* _What the exercise asks_: Below is a listing. Set down exactly the lines from the one containing "Paramecium multimicronucleatum (Cilium)" through the one containing "Prunella grandiflora 'Rubra'", both ends included, and leave out the rest.

========================================

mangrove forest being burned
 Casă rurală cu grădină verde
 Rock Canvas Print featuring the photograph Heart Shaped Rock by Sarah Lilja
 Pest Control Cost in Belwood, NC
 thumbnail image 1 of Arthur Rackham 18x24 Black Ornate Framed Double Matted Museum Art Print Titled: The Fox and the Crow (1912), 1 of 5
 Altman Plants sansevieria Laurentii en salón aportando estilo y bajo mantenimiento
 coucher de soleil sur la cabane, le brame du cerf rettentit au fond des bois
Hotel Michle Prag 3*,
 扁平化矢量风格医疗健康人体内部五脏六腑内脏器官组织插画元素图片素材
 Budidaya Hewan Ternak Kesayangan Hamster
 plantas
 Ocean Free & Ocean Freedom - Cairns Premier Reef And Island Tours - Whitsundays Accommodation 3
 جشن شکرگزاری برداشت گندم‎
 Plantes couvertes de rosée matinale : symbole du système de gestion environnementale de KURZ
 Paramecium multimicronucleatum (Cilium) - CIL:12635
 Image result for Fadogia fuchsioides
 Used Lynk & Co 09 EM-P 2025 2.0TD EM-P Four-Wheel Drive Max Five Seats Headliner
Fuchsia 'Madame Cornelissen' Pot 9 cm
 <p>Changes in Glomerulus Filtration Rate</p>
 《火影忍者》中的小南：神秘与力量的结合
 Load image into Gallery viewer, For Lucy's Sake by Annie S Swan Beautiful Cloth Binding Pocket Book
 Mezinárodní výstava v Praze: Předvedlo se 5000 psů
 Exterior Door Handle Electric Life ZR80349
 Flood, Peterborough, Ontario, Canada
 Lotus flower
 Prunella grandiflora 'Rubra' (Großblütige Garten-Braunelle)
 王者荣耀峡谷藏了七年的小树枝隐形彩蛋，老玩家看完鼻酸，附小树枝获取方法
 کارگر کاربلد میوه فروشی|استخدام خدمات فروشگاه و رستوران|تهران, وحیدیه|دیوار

========================================

* _Exercise solution_:
 Paramecium multimicronucleatum (Cilium) - CIL:12635
 Image result for Fadogia fuchsioides
 Used Lynk & Co 09 EM-P 2025 2.0TD EM-P Four-Wheel Drive Max Five Seats Headliner
Fuchsia 'Madame Cornelissen' Pot 9 cm
 <p>Changes in Glomerulus Filtration Rate</p>
 《火影忍者》中的小南：神秘与力量的结合
 Load image into Gallery viewer, For Lucy's Sake by Annie S Swan Beautiful Cloth Binding Pocket Book
 Mezinárodní výstava v Praze: Předvedlo se 5000 psů
 Exterior Door Handle Electric Life ZR80349
 Flood, Peterborough, Ontario, Canada
 Lotus flower
 Prunella grandiflora 'Rubra' (Großblütige Garten-Braunelle)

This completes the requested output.